This is video of Australian-born Croatia defender Joe Šimunić leading fans in a chant after Croatia beat Iceland to qualify for the world cup. "For the homeland," Šimunić calls, and the crowd responds, "Ready!" But it's more complicated than that.
The salute—"Za dom spremni"—dates back to the 19th century, giving Šimunić plausible deniability. But it only became famous, and notorious, during the Second World War as a symbol of the Ustaše, a fascist and ultranationalist group that ruled Croatia as a Nazi puppet state and advocated and undertook genocide against Serbs, Jews, and Romani.

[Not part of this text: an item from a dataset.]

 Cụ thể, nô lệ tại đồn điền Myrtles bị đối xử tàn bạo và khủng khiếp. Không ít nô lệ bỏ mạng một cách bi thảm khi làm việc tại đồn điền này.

Think of it as the equivalent of "Sieg Heil". The Croatian Constitution does, banning it in certain instances. So do FIFA and UEFA, who have previously fined the Croatian Football Federation for the chant's use by fans, often accompanied by the Nazi salute. (As in many Eastern and Southeastern European countries, soccer and ultranationalism have a cozy, complicated relationship.)
"Some people have to learn some history. I'm not afraid. I did nothing wrong. I'm supporting my Croatia, my homeland. If someone has something against it, that's their problem."
But Zeljko Jovanovic, the Croatian Minister of Sport and Education, said Šimunić is the one who needs to read his textbooks:
"Šimunić, you need a lesson in history. If you want I will personally help you get a good history teacher and learn what "Za dom spremni" means."
Damnit, we could have had adorable little Iceland in the World Cup instead. Now we just get fascism.